Racists by Consent
Just as I turned on the television a beautiful young woman stood at the podium dressed in a gorgeous yellow coat, her hair perfectly formed and her inner beauty glowing even brighter than her smile. Then she began to read her poem. What a brilliant mind. What a wondrous way with words. What a master of communications. I think I am in love, but I am also sad.
Every time I hear someone like Amanda Gorman or Barack Obama, or Dr. Martin Luther King, I have deep feelings of ambivalence. On the one hand they thrill me to my very soul. On the other hand, I wonder how many other Black talents and brilliant minds have we sacrificed to keep a people in subjection and buried in poverty? How many poets had to become angry rappers in order to be heard? How many artists had to use the sides of buildings for their canvases? How many great minds ended up singing and living Old Man River?
The normal next paragraph to this blog would be a rant against racism in America but I am tired of confessing other people’s sins. I want and need to write about racism in me. My role in this tragedy and waste.
I was raised in a small town in Southwest Oklahoma that, as far as I have been able to determine, was different from other Oklahoma towns. A man named Woodall, who happens to have a connection to my family tree, imported a train load of freed slaves after the Civil war to work the cotton fields.
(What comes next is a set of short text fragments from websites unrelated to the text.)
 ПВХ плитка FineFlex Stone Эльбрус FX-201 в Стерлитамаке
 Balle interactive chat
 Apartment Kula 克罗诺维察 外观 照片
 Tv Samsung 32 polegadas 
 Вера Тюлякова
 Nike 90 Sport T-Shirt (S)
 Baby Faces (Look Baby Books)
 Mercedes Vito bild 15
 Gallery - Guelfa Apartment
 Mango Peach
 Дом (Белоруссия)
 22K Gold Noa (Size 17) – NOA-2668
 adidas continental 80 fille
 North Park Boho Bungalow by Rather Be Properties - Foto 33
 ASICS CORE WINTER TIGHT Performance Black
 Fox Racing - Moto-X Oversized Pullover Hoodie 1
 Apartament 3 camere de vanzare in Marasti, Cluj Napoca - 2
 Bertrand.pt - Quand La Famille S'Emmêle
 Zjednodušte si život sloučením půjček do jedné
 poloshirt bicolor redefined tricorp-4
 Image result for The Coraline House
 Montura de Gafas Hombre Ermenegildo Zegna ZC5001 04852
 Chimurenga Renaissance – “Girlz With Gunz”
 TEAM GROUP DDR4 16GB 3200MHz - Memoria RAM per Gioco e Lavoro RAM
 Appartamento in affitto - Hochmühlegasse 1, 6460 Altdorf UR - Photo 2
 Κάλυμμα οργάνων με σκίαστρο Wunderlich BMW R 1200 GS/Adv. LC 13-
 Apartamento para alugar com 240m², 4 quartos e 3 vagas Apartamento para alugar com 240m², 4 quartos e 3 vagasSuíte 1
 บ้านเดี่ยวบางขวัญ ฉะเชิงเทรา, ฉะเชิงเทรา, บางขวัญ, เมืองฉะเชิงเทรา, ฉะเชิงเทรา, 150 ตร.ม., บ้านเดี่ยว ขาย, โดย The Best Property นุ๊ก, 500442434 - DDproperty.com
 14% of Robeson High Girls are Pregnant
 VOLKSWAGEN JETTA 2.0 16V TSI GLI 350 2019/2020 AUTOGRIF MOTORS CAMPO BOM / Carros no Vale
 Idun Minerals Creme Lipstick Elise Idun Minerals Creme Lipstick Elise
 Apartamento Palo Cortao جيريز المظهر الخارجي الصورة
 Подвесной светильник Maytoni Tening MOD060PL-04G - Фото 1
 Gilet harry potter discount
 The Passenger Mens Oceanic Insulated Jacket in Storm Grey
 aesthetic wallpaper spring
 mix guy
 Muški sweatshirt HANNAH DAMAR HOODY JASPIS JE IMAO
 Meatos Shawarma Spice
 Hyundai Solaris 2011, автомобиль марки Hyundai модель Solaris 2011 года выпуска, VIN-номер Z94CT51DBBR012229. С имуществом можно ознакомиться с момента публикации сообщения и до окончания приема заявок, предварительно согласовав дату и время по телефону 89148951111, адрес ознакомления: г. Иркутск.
That meant a very large number of Black families for such a small town. As a result, it was more like a town in the deep south than in Oklahoma. Many of the homes, including mine, had “servant quarters” in the back yard. A wonderful lady named Easter Pipkins helped raise me. She lived in one room built on the end of our detached garage. She did light housework and looked after my brothers and me until I was eight or nine years of age. I loved Easter and spent a great deal of time in her room. I remember helping her make lye soap a couple of times.
My parents were not racist by the usual definition. I never heard my parents say anything derogatory or see them put down Easter in any way. They kept up with her long after she no longer lived in our back yard. They were not racist by action, but they were by consent…by not noticing, by not speaking out, by believing in the horrible word “Place”.
As an adult, I look back on what I too failed to notice and question.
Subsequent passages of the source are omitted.